Rating: 6.4/10.
Book about preparing for machine learning interviews, covers ~10 different problems and goes through the typical machine learning system design interview process: model architecture, data collection, training, evaluation metrics, and deployment. This book has several major weaknesses: the most obvious is the overwhelming focus on search and recommendation systems, which means most of the book is extremely repetitive. As 8/10 chapters cover some kind of recommendation system, and the same approaches are used with almost no differences whether you’re recommending videos, ads, or newsfeed items – you extract features, do feature engineering, concatenate them into a large vector, and then apply either classification, pointwise regression, or contrastive learning.
While there is some variation in the specific models used, the model choices for similar problems are arbitrary. There is no discussion about why different types of problems are solved using binary classification vs pointwise ranking vs nearest neighbors embeddings. When it comes to more specific models like object detection, factorization machines, or GNNs, the book avoids going into detail and declares these topics as out of scope. This book is disappointing because there are so many other data science / ML topics that could’ve been covered beyond recommendation systems, and overall this book is much worse than the system design interview book from the same series.
Chapter 1. How to approach a ML design question: you need to first understand the business problem, translate it to an ML problem, and define the inputs and outputs, determining whether it’s supervised or unsupervised, regression or classification.
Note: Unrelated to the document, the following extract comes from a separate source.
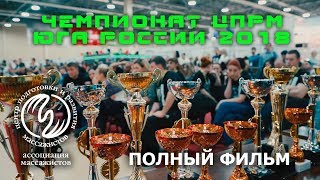 Чемпионат ЦПРМ Юга России 2018 - Полный фильм
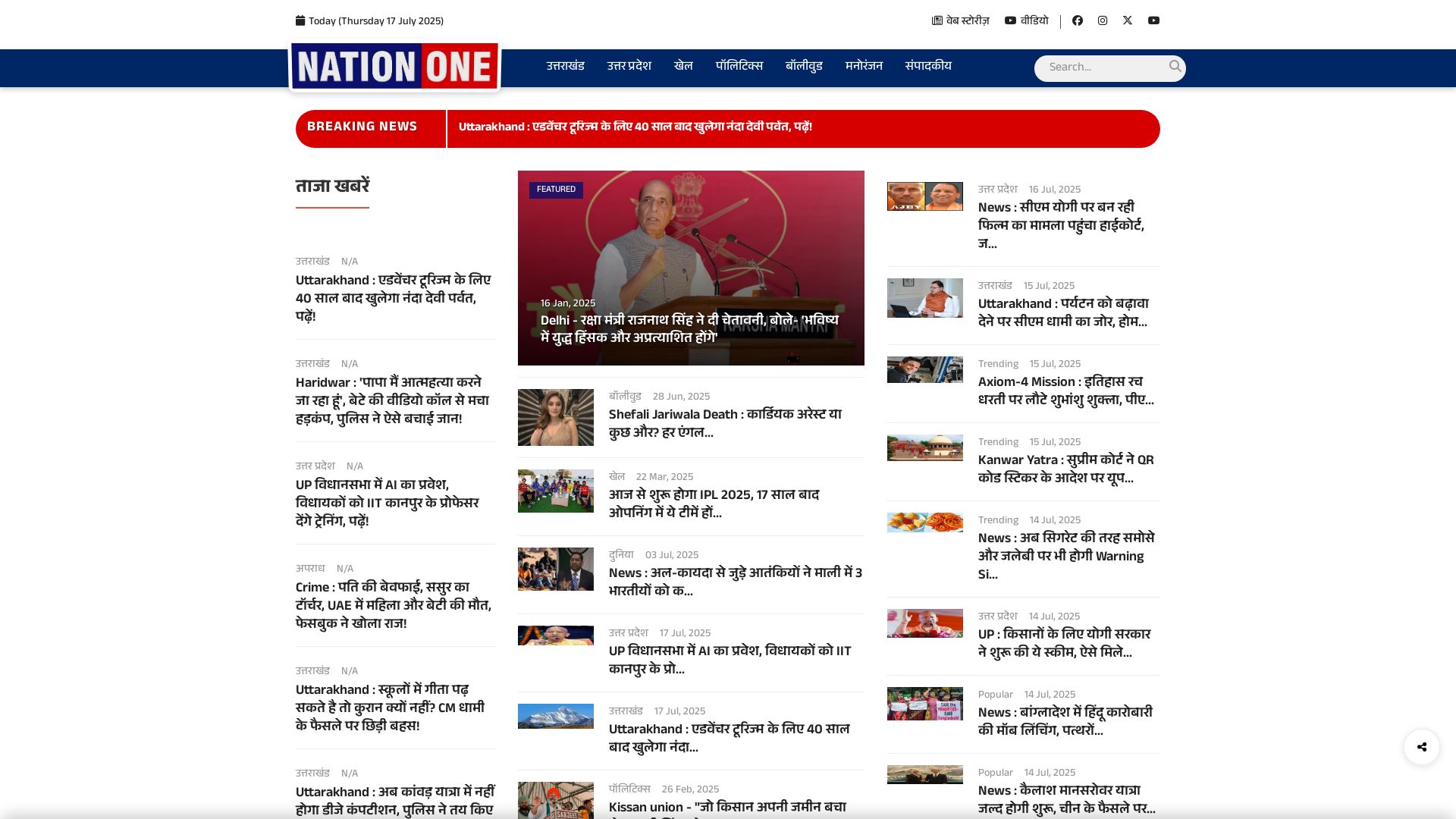 État du site web nationone.tv est   EN LIGNE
Feature engineering involves dealing with missing and categorical values, standardization, etc. Discuss how to gather the data and label them either automatically or with humans, dealing with class imbalance, and defining the evaluation metrics. Then for deploying, how to monitor accuracy with real traffic, distribution drift, and system metrics like latency.
Chapter 2: Visual search where the user uploads an image and you want to return visually similar images, recommend using an embedding generation model trained using contrastive learning. The evaluation metrics are retrieval-based ones like precision, recall, mAP, and DCG. During retrieval, use a nearest neighborhood database for embeddings, which we can retrieve either exactly or approximately
Chapter 3: Blurring license plates and faces in streetview photographs. They recommend treating it as an object detection problem using either one-step or two-stage neural networks. The evaluation metrics include IOU and retrieval metrics such as mAP based on IOU thresholds. Once objects are detected, they can be passed to a blurring service.
Chapter 4: Search system for YouTube videos. They recommend using bag of words and TF-IDF to generate embeddings for search queries, while also generating embeddings from the video encoder and training them using contrastive learning in a re-ranking system.
Chapter 5: Harmful content detection on social media sites. They recommend multiclass classification for different types of abuse and constructing concatenated embeddings from text fields, image and video features, and author features, combining them into one big classifier, then evaluate using binary classification metrics.
Chapter 6: YouTube video recommendation. They propose a hybrid approach combining content and collaborative filtering with video features and user feature vectors through a two-tower network to bring user and video embeddings closer together when they are a good match (more flexible than matrix factorization which can only take user and video co-occurrence data); searching is a nearest neighbor query.
Chapter 7: Event ranking system. They propose pointwise ranking from event and user features into a model that predicts relevance, extract features such as location, time of day, time of week, event description, etc., and compare these to the users’ previously visited events to train a regression model for ranking.
Chapter 8. Ad click prediction, use binary classification models on concatenated features from the user, the ad, and their interactions. Some models like factorization machines can learn interaction effects automatically.
Chapter 9: Recommending similar vacation listings in a rental site. They propose a model that takes a sequence of previously visited listings and predicts whether a future listing will be booked or not.
Chapter 10: Newsfeed recommendations for social media. The model concatenates user and post features, then uses multitask classification to predict different user engagement actions.
Chapter 11: Recommending people you may know on a social media site. Frame this as an edge prediction problem in a graph, determining whether two people will become friends, and then training a GNN. The prediction may be computationally expensive, so it’s best to process in batches and store the predictions in a database for retrieval.